Nel settembre 2013 Papa Francesco ha rivolto alla Chiesa un appello affinché si facesse carico di chiunque fosse portatore di una sofferenza fisica o psicologica: “Io vedo con chiarezza che la cosa di cui la Chiesa ha più bisogno oggi è la capacità di curare le ferite e di riscaldare il cuore dei fedeli, la vicinanza, la prossimità” (“L’Osservatore Romano”, 21 settembre 2013). Questo numero di DCM, attraverso una serie di storie e approfondimenti, riflette sul contributo apportato dalle donne riguardo alla formazione, all’accompagnamento spirituale, alla catechesi, nonché alle varie forme di assistenza e ascolto. Questo prendersi cura delle anime fa parte di un ministero carismatico in atto: un ministero da incoraggiare, da potenziare. Avvertendo l’urgenza dell’annuncio dell’amore salvifico di Dio previo all’obbligazione morale e religiosa Papa Francesco ha ribadito la sua efficace visione della Chiesa come un “ospedale da campo dopo una battaglia”, in cui è necessario “curare le ferite”. Va forse in questa direzione, lo auspichiamo, la nuova convocazione della commissione volta ad affrontare la questione della diaconia femminile, cifra di una “creatività apostolica” delle donne da sempre operanti nell’annuncio di una salvezza intesa come consolazione di Dio nei momenti di difficoltà.

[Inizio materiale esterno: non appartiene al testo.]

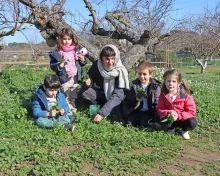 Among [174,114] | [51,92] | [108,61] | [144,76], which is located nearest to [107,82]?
[108,61]

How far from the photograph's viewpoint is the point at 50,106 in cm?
473

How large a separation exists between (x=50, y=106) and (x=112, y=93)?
3.25ft

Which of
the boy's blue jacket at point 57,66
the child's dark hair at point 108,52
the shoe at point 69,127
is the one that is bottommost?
the shoe at point 69,127

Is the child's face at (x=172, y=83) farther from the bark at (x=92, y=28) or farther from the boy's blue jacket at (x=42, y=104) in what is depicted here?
the bark at (x=92, y=28)

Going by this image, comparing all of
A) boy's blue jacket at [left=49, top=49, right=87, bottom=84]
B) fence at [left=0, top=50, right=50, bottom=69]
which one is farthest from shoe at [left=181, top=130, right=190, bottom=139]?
fence at [left=0, top=50, right=50, bottom=69]

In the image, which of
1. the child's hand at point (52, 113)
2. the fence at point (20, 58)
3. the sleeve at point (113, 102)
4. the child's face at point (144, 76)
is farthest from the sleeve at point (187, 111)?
the fence at point (20, 58)

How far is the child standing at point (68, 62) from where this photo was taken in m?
5.38

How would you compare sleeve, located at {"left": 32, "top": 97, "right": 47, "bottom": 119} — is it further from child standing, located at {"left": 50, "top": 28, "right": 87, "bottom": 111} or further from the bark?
the bark

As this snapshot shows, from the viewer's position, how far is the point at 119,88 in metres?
5.27

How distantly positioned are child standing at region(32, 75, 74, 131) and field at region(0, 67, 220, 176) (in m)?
0.13

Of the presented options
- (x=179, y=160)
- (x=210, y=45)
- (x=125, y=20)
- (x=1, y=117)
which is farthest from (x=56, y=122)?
(x=210, y=45)

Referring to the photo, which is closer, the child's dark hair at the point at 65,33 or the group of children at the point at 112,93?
the group of children at the point at 112,93

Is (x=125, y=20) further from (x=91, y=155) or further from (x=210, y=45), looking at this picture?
(x=210, y=45)

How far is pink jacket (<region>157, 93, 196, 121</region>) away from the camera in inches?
179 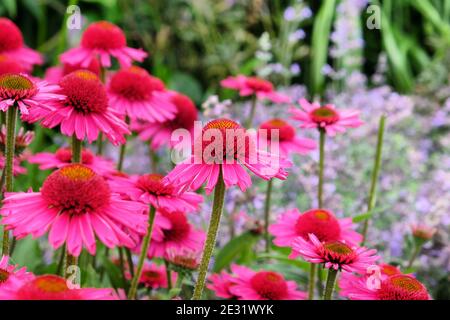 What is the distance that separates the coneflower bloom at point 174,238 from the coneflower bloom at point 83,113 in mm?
262

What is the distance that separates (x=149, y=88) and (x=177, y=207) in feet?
1.69

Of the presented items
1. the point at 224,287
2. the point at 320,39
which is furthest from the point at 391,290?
the point at 320,39

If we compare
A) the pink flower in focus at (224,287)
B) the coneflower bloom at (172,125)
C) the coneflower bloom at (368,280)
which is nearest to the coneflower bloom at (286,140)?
the coneflower bloom at (172,125)

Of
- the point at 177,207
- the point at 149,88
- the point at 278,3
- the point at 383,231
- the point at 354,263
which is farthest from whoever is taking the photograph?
the point at 278,3

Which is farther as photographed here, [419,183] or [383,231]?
[419,183]

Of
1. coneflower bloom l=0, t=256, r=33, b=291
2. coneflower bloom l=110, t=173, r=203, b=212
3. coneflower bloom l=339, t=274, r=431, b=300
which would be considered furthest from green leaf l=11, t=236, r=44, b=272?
coneflower bloom l=339, t=274, r=431, b=300

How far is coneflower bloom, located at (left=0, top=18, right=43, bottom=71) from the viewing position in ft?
5.53

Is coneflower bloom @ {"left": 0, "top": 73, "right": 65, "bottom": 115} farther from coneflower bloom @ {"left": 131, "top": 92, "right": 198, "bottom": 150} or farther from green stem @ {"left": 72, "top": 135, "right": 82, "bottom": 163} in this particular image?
coneflower bloom @ {"left": 131, "top": 92, "right": 198, "bottom": 150}

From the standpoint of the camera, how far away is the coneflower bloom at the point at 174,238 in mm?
1366

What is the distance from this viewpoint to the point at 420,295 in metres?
1.00

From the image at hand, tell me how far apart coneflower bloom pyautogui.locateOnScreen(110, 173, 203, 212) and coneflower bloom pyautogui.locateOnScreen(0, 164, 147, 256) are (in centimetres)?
20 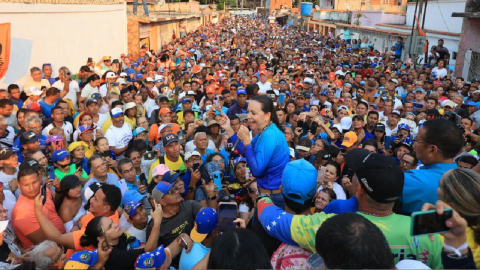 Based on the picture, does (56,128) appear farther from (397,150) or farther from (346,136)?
(397,150)

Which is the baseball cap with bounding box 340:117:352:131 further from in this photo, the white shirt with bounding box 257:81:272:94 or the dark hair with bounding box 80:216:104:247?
the dark hair with bounding box 80:216:104:247

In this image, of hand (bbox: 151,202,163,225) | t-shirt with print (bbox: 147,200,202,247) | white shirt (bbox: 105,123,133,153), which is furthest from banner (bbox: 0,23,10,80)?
hand (bbox: 151,202,163,225)

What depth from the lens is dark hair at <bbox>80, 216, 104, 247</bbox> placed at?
9.25 feet

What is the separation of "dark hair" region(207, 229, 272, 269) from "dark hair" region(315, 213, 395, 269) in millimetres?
309

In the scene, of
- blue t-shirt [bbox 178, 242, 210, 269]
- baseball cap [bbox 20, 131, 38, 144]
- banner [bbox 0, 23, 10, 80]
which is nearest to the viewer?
blue t-shirt [bbox 178, 242, 210, 269]

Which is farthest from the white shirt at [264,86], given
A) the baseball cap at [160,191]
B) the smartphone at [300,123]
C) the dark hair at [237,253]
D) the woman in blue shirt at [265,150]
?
the dark hair at [237,253]

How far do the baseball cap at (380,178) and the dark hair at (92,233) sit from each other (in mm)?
1965

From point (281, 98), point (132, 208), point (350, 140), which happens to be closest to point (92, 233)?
point (132, 208)

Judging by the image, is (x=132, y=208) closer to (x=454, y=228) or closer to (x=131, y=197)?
(x=131, y=197)

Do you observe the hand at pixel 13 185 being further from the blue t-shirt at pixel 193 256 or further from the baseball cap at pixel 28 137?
the blue t-shirt at pixel 193 256

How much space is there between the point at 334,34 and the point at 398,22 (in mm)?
7538

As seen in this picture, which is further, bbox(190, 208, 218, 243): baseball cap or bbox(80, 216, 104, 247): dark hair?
bbox(80, 216, 104, 247): dark hair

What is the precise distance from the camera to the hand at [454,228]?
5.81 feet

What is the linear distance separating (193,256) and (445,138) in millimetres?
2051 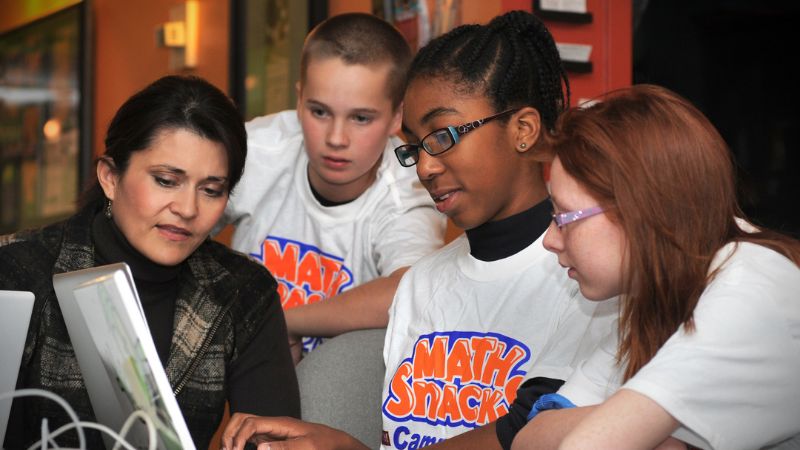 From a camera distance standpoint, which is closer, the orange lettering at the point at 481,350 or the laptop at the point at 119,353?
the laptop at the point at 119,353

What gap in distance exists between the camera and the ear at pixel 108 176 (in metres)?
2.04

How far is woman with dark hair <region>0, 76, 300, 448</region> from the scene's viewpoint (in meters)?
1.90

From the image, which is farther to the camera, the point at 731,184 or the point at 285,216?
the point at 285,216

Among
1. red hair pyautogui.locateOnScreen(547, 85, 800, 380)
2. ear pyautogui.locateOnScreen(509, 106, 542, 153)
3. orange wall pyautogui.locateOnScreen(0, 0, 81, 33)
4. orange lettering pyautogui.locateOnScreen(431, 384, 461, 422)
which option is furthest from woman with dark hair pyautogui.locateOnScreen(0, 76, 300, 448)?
orange wall pyautogui.locateOnScreen(0, 0, 81, 33)

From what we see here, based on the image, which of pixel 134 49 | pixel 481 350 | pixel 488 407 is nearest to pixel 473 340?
pixel 481 350

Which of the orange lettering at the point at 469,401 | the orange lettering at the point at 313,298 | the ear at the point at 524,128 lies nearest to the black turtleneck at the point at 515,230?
the ear at the point at 524,128

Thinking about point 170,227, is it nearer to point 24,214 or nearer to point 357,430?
point 357,430

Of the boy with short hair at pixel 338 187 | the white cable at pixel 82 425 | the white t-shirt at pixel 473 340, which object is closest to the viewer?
the white cable at pixel 82 425

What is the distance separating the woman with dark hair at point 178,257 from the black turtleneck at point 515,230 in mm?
471

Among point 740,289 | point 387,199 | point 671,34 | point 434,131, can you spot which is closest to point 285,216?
point 387,199

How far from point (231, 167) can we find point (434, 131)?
1.35 ft

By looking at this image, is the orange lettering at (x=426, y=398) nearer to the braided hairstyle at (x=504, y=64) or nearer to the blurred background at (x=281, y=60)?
A: the braided hairstyle at (x=504, y=64)

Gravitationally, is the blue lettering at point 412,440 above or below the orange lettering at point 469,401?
below

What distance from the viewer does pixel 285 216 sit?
2.66 m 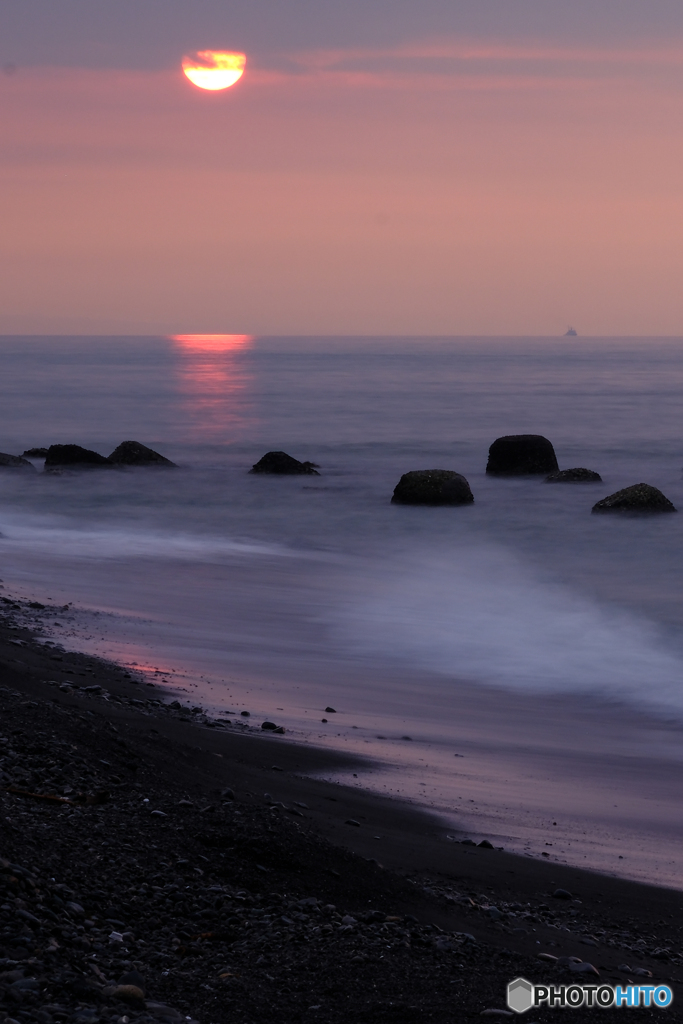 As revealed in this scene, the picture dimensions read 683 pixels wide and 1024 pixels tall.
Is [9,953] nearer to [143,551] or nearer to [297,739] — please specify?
[297,739]

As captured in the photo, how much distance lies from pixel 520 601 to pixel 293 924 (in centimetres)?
1151

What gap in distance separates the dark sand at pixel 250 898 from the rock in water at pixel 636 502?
16.2 metres

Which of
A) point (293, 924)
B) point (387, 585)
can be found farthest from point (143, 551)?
point (293, 924)

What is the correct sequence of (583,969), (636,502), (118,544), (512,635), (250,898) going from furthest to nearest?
(636,502) → (118,544) → (512,635) → (250,898) → (583,969)

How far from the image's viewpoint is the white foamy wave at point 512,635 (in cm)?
1090

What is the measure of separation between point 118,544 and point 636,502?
34.8 ft

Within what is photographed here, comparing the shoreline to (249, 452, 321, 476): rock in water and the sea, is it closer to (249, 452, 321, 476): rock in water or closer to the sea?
the sea

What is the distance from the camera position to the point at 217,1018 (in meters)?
3.56

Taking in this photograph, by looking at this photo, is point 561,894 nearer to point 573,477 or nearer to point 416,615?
point 416,615

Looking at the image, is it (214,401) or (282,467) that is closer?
(282,467)

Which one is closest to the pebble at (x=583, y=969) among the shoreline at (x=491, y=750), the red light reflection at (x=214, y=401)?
the shoreline at (x=491, y=750)

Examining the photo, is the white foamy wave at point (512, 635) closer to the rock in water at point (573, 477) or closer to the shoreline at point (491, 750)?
the shoreline at point (491, 750)

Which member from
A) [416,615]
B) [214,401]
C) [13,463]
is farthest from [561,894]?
[214,401]

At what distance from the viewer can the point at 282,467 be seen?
2795 centimetres
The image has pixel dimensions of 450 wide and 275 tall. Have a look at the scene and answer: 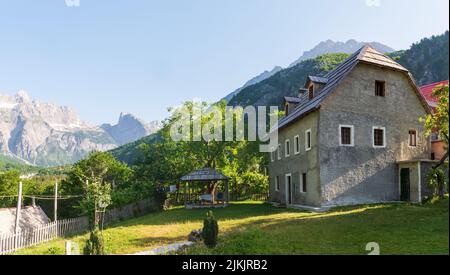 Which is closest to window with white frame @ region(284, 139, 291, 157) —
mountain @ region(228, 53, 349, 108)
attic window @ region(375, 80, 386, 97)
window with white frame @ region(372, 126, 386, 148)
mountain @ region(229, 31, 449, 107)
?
window with white frame @ region(372, 126, 386, 148)

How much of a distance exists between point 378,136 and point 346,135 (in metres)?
2.45

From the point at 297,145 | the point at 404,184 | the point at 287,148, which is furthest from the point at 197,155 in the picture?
the point at 404,184

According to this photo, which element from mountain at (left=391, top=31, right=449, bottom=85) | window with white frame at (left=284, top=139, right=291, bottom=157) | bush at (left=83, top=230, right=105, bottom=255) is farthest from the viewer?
mountain at (left=391, top=31, right=449, bottom=85)

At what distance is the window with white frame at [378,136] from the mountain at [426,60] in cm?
7388

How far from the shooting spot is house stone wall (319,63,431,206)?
1991 centimetres

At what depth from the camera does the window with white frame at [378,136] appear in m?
21.1

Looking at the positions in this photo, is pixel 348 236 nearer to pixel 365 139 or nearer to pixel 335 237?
pixel 335 237

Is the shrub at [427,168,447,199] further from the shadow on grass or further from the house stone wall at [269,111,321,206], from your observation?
the house stone wall at [269,111,321,206]

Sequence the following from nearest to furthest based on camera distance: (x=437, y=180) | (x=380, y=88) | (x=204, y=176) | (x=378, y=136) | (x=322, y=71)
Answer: (x=437, y=180), (x=378, y=136), (x=380, y=88), (x=204, y=176), (x=322, y=71)

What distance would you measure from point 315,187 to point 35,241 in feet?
53.4

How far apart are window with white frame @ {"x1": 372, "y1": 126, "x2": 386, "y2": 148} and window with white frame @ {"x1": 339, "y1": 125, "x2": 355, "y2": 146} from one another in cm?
168

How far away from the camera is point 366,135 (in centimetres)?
2094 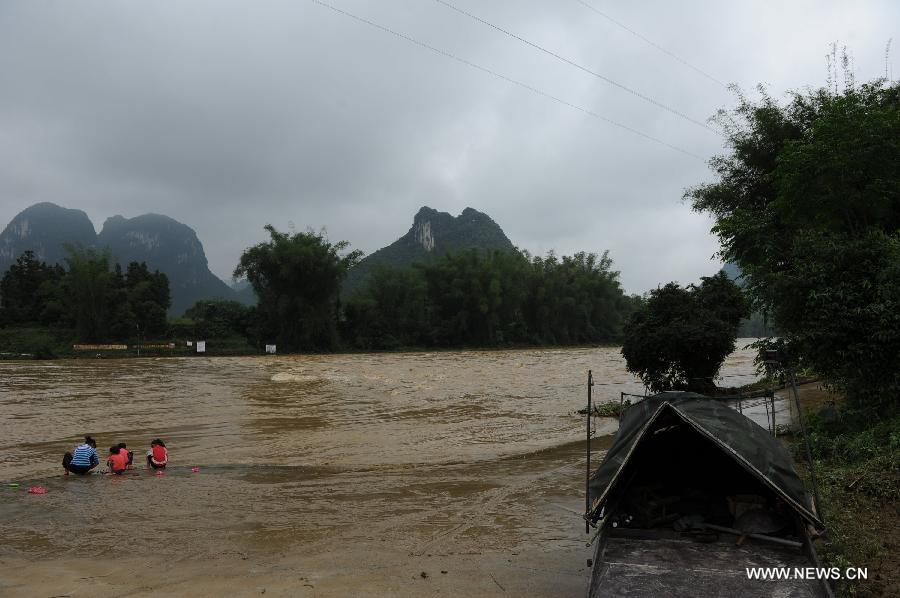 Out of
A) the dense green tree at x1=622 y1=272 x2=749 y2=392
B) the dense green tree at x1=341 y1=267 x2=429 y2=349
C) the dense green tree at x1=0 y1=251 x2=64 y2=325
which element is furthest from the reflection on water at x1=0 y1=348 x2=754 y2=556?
the dense green tree at x1=341 y1=267 x2=429 y2=349

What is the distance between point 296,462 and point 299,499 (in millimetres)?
2753

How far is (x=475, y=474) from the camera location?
10930 mm

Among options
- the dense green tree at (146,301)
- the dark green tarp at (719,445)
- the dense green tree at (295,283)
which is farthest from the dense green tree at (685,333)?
the dense green tree at (146,301)

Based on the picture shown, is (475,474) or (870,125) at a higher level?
(870,125)

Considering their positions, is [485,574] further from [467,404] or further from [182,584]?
[467,404]

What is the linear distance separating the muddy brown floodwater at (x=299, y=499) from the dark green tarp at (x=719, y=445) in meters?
1.24

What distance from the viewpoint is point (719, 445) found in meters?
5.59

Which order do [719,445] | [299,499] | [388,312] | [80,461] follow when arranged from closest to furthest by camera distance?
1. [719,445]
2. [299,499]
3. [80,461]
4. [388,312]

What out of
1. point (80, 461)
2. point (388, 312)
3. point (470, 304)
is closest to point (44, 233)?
point (388, 312)

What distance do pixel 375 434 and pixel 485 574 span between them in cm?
889

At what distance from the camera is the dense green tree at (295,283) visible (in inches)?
1887

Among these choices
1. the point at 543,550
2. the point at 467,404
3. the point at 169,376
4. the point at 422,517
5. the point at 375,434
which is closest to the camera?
the point at 543,550

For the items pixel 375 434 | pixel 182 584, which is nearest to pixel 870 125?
pixel 375 434

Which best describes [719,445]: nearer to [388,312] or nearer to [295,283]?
[295,283] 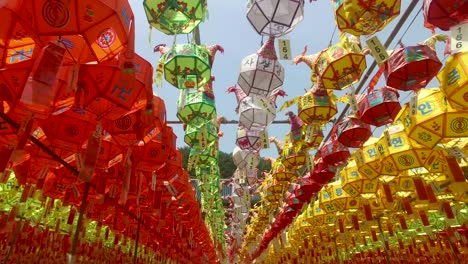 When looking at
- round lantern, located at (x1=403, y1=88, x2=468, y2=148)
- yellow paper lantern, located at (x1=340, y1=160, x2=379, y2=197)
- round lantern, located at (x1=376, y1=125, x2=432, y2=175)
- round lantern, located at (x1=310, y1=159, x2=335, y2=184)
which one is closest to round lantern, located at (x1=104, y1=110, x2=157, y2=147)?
round lantern, located at (x1=403, y1=88, x2=468, y2=148)

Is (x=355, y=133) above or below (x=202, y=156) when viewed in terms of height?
below

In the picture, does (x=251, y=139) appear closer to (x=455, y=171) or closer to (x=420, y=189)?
(x=420, y=189)

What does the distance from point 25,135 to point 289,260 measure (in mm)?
23986

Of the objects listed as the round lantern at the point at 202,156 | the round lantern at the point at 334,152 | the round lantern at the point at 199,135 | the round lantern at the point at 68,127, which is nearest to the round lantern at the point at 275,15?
the round lantern at the point at 68,127

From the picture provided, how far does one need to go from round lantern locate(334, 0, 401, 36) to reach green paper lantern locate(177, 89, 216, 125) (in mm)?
3141

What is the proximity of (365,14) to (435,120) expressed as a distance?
5.89ft

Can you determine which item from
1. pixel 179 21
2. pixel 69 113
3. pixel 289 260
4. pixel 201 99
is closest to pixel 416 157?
pixel 201 99

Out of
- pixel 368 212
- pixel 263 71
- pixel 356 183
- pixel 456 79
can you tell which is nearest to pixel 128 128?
pixel 263 71

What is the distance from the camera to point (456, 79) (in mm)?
3463

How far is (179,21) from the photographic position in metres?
4.13

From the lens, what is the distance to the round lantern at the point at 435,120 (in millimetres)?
4348

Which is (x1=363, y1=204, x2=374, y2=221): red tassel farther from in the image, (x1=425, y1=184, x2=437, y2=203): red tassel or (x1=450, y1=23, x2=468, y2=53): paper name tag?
(x1=450, y1=23, x2=468, y2=53): paper name tag

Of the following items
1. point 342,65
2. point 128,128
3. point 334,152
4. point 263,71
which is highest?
point 263,71

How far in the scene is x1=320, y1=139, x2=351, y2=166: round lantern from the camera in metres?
7.87
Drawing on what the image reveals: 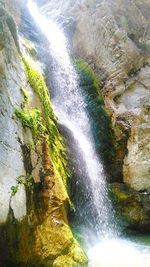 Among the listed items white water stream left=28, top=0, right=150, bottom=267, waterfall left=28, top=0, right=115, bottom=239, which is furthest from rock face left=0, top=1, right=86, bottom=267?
waterfall left=28, top=0, right=115, bottom=239

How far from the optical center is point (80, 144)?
10953mm

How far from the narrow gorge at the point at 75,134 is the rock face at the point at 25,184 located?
21mm

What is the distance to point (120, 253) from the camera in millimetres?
8031

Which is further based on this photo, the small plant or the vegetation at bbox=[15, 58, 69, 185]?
the vegetation at bbox=[15, 58, 69, 185]

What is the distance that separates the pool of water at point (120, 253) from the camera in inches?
285

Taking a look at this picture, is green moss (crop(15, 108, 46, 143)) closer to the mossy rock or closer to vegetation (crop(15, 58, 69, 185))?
vegetation (crop(15, 58, 69, 185))

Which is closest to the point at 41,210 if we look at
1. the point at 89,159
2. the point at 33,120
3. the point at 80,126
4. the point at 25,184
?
the point at 25,184

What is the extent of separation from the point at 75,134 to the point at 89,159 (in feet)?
2.99

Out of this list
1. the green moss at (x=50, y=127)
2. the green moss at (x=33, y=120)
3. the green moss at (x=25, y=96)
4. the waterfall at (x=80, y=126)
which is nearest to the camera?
the green moss at (x=33, y=120)

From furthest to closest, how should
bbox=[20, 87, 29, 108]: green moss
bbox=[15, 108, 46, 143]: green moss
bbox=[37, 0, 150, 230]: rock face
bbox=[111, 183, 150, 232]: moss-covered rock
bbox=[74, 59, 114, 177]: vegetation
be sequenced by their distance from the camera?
1. bbox=[74, 59, 114, 177]: vegetation
2. bbox=[37, 0, 150, 230]: rock face
3. bbox=[111, 183, 150, 232]: moss-covered rock
4. bbox=[20, 87, 29, 108]: green moss
5. bbox=[15, 108, 46, 143]: green moss

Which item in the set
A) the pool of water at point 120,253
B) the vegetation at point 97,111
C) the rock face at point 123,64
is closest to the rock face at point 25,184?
the pool of water at point 120,253

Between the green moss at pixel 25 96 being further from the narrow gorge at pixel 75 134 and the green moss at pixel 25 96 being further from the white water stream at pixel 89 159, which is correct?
the white water stream at pixel 89 159

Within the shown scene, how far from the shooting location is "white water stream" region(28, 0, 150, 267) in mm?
7852

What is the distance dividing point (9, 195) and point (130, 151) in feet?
21.0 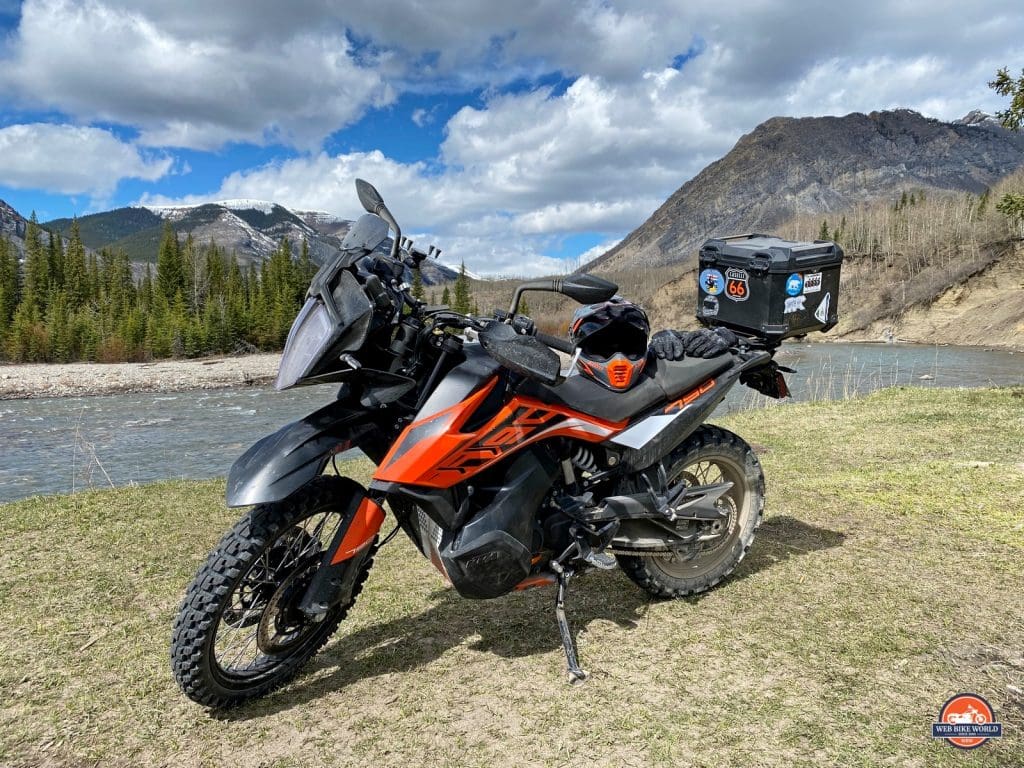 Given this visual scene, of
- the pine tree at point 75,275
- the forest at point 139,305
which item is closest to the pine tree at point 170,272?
the forest at point 139,305

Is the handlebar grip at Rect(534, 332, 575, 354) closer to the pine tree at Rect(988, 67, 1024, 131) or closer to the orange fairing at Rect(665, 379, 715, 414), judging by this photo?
the orange fairing at Rect(665, 379, 715, 414)

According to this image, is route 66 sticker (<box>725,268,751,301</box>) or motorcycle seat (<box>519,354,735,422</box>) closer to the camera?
motorcycle seat (<box>519,354,735,422</box>)

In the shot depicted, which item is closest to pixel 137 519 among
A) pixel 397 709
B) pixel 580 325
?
pixel 397 709

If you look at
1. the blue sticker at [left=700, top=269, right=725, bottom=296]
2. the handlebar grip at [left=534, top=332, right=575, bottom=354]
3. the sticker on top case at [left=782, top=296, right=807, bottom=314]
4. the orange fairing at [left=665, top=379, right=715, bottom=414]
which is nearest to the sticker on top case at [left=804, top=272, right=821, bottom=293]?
the sticker on top case at [left=782, top=296, right=807, bottom=314]

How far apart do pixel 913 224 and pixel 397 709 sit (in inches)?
3564

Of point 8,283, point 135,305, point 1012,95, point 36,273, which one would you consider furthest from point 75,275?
→ point 1012,95

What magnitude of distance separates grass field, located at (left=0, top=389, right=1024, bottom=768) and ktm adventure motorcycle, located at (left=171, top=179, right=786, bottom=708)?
0.25 metres

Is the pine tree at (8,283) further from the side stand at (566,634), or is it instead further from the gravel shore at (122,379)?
the side stand at (566,634)

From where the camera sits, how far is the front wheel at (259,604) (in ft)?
8.00

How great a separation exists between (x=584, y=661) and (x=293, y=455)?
1497 mm

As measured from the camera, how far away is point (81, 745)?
248cm

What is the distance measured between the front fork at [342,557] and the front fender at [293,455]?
268mm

Alla luce dell’oggi, questa visione della Chiesa da parte di Papa Francesco si rivela quanto mai profetica: la chiesa “ospedale da campo” è un’immagine entrata quasi con prepotenza a far parte della nostra quotidianità, dove abbiamo visto sorgere veri e propri ospedali da campo capaci di ospitare malati, e di permettere il lavoro indefesso del personale medico e paramedico. Abbiamo visto chi, mettendo a rischio la propria vita, ha continuato a lavorare per garantire il funzionamento dei principali servizi. Abbiamo visto la maggior parte della popolazione abbracciare con sacrificio un isolamento in questa drammatica emergenza sanitaria. La pandemia del coronavirus ha rivelato così la sostanziale sinergia tra mondo e Chiesa: se il primo è chiamato a orientare finalmente i propri valori, anziché alla cultura dell’io, alla cura dell’altro, del creato e di Dio, la seconda ha l’opportunità di coincidere in essenza con la sua missione consolatrice di un’umanità ferita. Un’umanità bisognosa della vicinanza ristoratrice e della carezza di una Chiesa, intesa da papa Francesco come l’effusione della tenerezza di Cristo madre, che si china sui malati per restituire loro sapienza, vita e salvezza.